E.coli results show that numerous sORFs were overlooked in initial annotation

sRNAs lack primary sequence common statistical signals that might be exploited by reliable detection algorithms. thus, the genome-wide annotation of sRNAs has turned out to be a more complex and demanding problem than one expected. Bacterial genes average,1000 nucleotides in sequenced genomes. Annotation of sORFs is difficult, because they are ‘‘buried’’ in an enormous pile of short random open reading frames, BAY 60-6583 which, makes them unfavorable targets for random mutagenesis. To maintain a balance between underprediction and overprediction, we usually adopt certain arbitrary cut-offs for gene prediction, such as a 100 codon minimum ORF length. This means that many sORFs are not identified, including many with important functions, such as intercellular signals, intracellular toxins, and kinase inhibitors. Systematic analysis of the prevalence of sORFs had been performed in yeast and E.coli and results show that numerous sORFs were overlooked in initial annotation.
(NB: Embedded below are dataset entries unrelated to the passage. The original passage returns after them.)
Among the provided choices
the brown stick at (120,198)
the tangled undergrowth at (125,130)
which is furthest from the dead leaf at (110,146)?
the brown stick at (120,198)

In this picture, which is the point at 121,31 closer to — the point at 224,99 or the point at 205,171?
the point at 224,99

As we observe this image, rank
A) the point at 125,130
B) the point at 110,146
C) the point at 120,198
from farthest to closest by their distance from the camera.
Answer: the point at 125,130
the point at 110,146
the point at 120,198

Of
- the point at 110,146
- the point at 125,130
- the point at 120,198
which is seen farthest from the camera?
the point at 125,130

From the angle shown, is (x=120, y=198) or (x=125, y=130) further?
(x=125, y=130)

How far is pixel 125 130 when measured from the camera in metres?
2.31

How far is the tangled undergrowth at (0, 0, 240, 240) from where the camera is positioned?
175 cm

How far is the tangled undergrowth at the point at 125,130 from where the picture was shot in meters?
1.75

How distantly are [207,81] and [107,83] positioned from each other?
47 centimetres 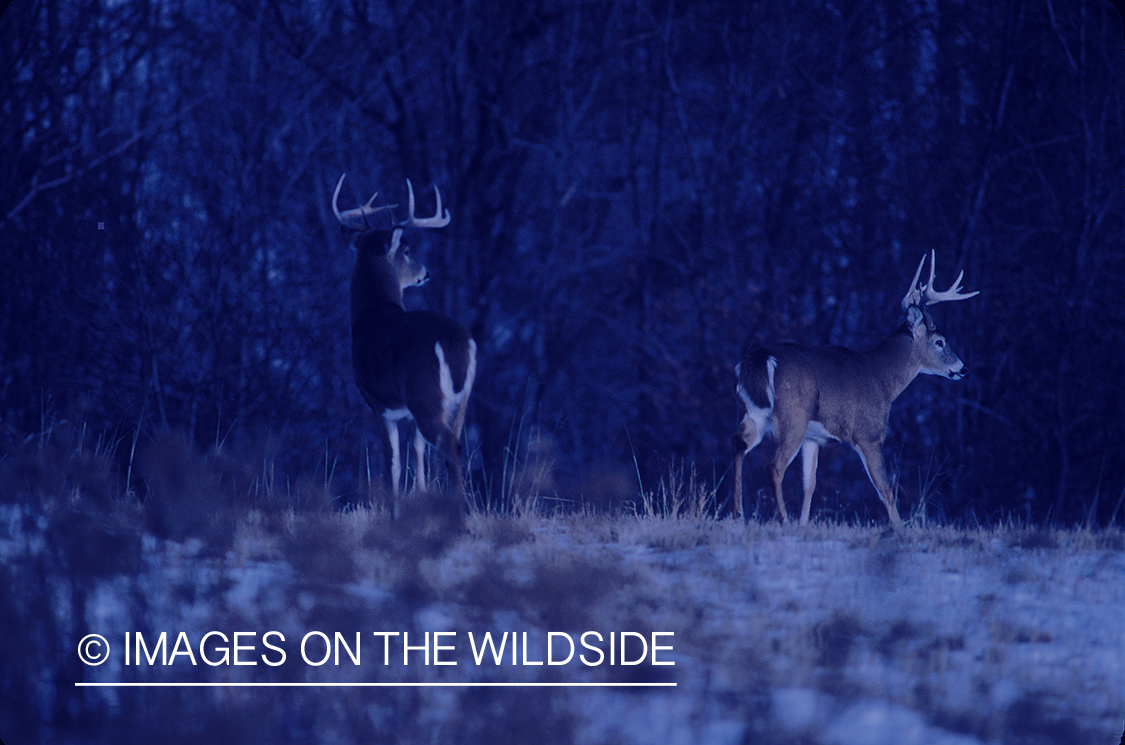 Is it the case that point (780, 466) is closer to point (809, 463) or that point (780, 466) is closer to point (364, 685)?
point (809, 463)

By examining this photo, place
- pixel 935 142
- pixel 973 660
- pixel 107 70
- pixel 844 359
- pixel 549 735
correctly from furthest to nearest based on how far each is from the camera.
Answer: pixel 935 142
pixel 107 70
pixel 844 359
pixel 973 660
pixel 549 735

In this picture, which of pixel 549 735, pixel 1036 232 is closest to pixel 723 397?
pixel 1036 232

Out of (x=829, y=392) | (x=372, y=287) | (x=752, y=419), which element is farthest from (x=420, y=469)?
(x=829, y=392)

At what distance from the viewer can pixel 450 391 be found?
20.9ft

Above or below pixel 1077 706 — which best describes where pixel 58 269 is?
above

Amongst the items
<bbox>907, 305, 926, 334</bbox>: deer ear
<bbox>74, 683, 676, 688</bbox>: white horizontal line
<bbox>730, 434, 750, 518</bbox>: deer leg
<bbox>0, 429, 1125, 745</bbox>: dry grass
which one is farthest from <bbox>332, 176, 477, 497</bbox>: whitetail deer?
<bbox>907, 305, 926, 334</bbox>: deer ear

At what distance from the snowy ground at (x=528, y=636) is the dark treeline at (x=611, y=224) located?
14.7 ft

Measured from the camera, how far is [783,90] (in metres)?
13.4

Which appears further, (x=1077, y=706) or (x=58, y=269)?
(x=58, y=269)

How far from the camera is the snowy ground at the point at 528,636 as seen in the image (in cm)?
360

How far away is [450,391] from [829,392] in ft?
7.87

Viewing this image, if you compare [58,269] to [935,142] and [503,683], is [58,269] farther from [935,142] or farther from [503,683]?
[935,142]

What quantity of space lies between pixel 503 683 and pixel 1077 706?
1861 mm

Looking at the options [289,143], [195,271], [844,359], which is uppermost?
A: [289,143]
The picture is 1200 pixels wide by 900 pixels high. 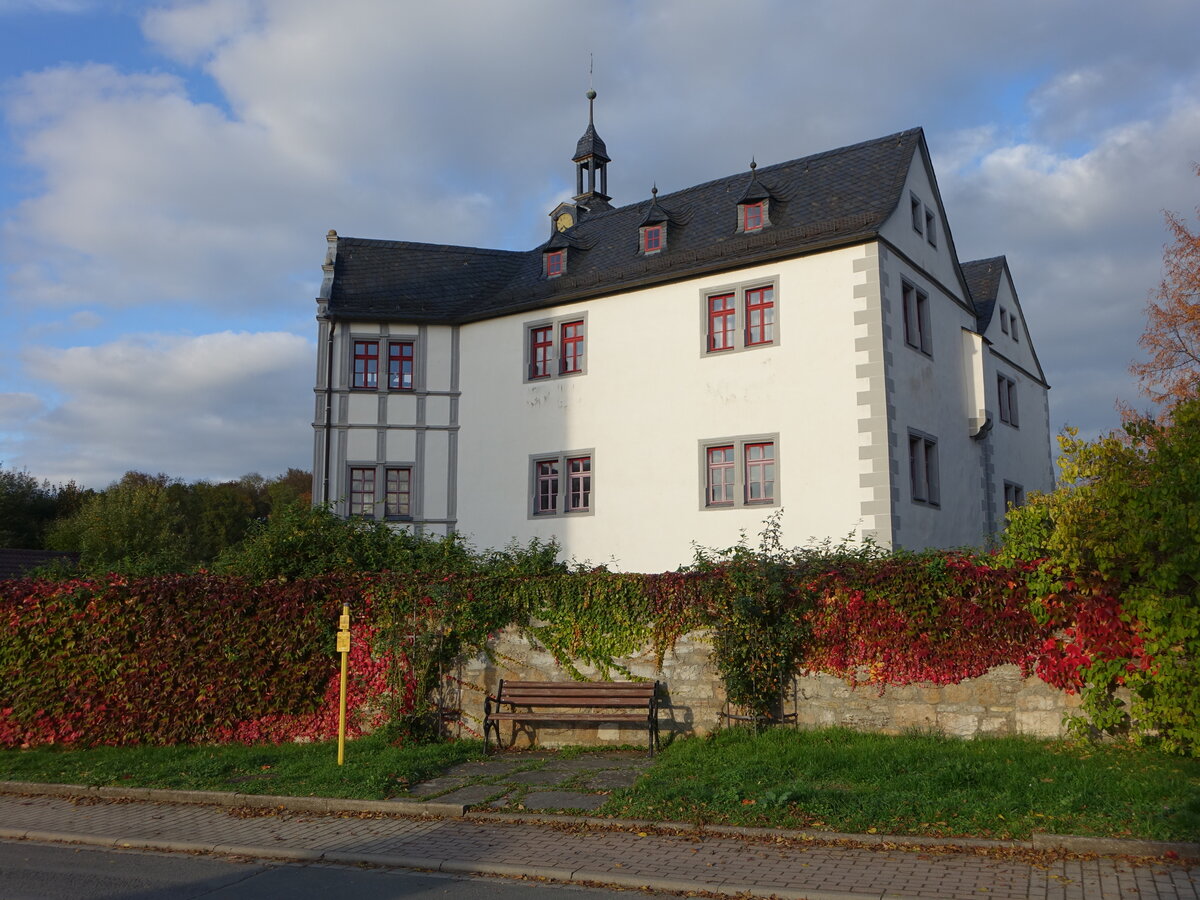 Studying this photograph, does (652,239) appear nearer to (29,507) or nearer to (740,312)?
(740,312)

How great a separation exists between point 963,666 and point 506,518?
1394 cm

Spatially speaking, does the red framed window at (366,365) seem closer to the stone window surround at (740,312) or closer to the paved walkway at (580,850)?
the stone window surround at (740,312)

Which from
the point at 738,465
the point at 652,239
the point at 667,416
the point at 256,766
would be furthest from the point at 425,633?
the point at 652,239

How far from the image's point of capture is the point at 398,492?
2439 centimetres

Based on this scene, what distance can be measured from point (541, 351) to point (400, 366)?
11.8 ft

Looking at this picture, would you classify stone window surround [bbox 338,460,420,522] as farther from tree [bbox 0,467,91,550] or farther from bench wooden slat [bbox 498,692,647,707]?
tree [bbox 0,467,91,550]

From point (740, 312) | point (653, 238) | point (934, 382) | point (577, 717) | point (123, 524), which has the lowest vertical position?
point (577, 717)

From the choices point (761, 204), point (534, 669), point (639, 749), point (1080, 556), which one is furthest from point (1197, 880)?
point (761, 204)

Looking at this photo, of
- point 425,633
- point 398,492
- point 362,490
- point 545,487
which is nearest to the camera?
point 425,633

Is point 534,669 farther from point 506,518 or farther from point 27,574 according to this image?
point 506,518

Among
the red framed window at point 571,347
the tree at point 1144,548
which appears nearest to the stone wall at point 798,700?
the tree at point 1144,548

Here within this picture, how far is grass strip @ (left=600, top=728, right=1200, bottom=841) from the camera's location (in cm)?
770

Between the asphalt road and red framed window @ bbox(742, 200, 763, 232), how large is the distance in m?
16.8

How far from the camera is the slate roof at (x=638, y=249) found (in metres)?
20.7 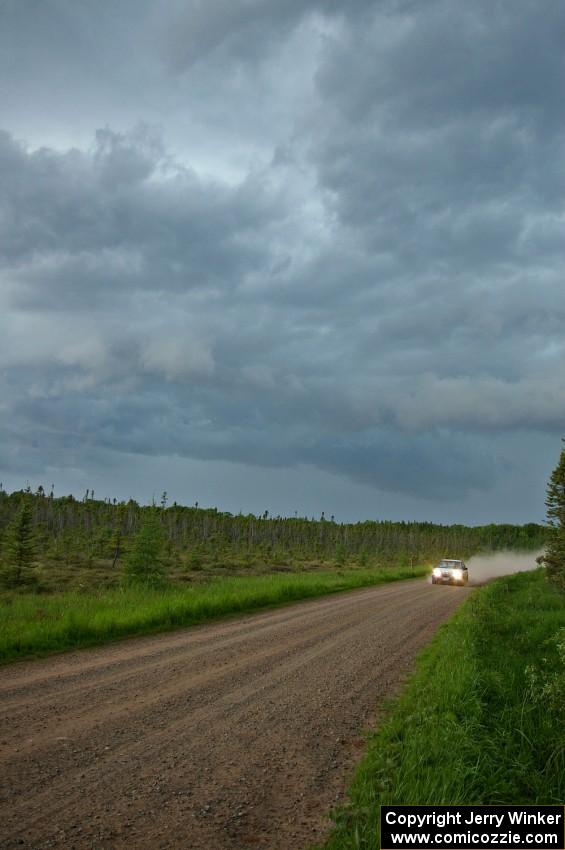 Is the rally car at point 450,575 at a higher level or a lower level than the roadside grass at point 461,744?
lower

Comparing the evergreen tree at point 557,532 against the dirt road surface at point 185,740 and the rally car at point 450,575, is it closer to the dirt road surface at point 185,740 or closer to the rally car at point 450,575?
the rally car at point 450,575

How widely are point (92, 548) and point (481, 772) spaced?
2338 inches

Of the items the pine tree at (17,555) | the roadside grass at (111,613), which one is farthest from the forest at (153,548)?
the roadside grass at (111,613)

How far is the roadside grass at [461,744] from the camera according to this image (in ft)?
16.4

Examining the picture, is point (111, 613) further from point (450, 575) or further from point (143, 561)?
point (450, 575)

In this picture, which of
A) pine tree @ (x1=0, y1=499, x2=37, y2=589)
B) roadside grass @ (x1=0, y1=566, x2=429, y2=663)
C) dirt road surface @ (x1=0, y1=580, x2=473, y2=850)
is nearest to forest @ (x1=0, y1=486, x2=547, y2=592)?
pine tree @ (x1=0, y1=499, x2=37, y2=589)

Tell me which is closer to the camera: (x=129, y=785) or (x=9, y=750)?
(x=129, y=785)

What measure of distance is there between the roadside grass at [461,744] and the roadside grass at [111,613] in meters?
7.40

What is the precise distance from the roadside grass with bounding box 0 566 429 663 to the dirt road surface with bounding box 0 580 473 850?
36.6 inches

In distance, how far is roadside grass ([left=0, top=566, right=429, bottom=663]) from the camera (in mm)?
11669

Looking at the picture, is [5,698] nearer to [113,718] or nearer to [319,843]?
[113,718]

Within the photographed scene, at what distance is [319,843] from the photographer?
4.45 metres

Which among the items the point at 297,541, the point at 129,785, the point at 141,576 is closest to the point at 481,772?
the point at 129,785

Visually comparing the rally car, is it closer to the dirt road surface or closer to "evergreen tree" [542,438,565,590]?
"evergreen tree" [542,438,565,590] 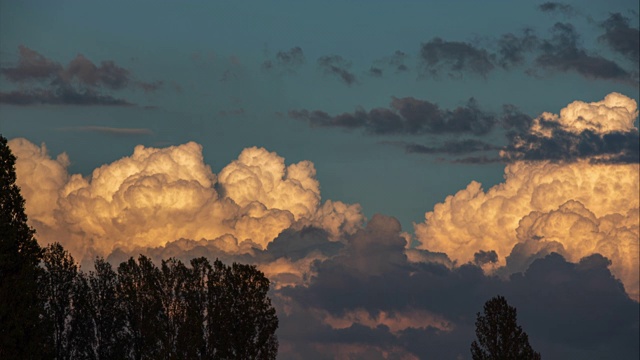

Shigella species are Gram negative, non-sporulating, facultative anaerobes that cause bacillary dysentery,EF5 a disease which remains a major worldwide health problem. They are sub-grouped into four species: Shigella dysenteriae, Shigella flexneri, Shigella boydii, and Shigella sonnei. However, multilocus enzyme electrophoresis, multilocus sequence typing, and comparative genomic hybridization suggest that Shigella diverged from E. coli in several independent events, which means it may not constitute a separate genus. Results from several Shigella genome sequencing projects suggest that many sRNAs and sORFs were overlooked during initial annotation. Huang et al. reported that the number of sRNA genes in S. dysenteriae, S. flexneri, S. boydii, and S. sonnei were 33, 40, 35, and 38, respectively. However, these results were incomplete. The majority were identified in E.coli K12, based on conservation, meaning that sRNAs unique to Shigella were missed. Therefore, we performed a systematic analysis of sRNAs in Shigella. No previous reports exist of global experimental approaches for sRNA and sORF identification in the Shigella. Here we present a combined bioinformatic and experimental approach for finding sRNAs and sORFs in Shigella.